** Working data follows **

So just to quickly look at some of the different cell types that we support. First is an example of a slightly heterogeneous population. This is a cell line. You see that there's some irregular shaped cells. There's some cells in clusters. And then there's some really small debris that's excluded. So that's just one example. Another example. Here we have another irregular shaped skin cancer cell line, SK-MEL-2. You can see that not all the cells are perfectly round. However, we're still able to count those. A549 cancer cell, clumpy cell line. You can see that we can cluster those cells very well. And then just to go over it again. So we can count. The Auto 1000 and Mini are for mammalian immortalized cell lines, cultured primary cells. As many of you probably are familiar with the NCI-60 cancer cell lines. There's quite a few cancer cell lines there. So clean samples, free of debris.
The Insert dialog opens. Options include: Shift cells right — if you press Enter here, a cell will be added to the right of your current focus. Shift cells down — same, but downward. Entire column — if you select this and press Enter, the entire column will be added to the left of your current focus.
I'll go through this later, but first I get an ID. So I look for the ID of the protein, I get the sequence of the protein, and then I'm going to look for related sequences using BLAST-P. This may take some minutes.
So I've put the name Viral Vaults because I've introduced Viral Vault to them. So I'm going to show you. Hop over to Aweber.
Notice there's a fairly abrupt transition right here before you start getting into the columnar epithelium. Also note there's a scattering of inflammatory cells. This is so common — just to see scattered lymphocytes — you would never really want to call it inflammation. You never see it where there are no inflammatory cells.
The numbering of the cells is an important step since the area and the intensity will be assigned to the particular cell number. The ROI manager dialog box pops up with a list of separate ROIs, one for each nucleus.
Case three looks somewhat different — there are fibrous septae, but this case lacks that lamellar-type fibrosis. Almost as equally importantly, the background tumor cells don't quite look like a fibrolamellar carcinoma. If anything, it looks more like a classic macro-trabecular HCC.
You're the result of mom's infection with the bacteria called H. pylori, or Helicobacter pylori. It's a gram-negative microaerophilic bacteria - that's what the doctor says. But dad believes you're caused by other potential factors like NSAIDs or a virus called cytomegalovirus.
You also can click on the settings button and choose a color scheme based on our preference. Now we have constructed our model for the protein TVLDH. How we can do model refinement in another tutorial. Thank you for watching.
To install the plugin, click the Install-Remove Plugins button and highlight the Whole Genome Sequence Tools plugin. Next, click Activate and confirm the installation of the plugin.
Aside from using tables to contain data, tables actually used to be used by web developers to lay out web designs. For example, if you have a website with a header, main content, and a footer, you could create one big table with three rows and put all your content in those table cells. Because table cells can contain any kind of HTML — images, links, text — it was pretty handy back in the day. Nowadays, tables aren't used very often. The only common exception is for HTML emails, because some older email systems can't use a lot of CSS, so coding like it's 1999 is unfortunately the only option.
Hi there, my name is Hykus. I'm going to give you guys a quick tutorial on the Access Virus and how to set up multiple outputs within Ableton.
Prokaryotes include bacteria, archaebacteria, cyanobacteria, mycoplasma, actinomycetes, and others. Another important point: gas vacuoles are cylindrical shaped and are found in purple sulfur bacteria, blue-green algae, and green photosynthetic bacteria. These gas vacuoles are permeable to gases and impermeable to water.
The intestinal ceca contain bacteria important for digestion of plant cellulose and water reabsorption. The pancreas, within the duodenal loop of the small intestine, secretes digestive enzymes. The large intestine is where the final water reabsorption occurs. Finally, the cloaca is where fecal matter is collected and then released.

** End of Working data **

--- Task ---
Scan the records above for the lines holding "Case three looks" and "To install the". Transcribe those two and every line between them word for word, and no others.

--- Solution for this exercise ---
Case three looks somewhat different — there are fibrous septae, but this case lacks that lamellar-type fibrosis. Almost as equally importantly, the background tumor cells don't quite look like a fibrolamellar carcinoma. If anything, it looks more like a classic macro-trabecular HCC.
You're the result of mom's infection with the bacteria called H. pylori, or Helicobacter pylori. It's a gram-negative microaerophilic bacteria - that's what the doctor says. But dad believes you're caused by other potential factors like NSAIDs or a virus called cytomegalovirus.
You also can click on the settings button and choose a color scheme based on our preference. Now we have constructed our model for the protein TVLDH. How we can do model refinement in another tutorial. Thank you for watching.
To install the plugin, click the Install-Remove Plugins button and highlight the Whole Genome Sequence Tools plugin. Next, click Activate and confirm the installation of the plugin.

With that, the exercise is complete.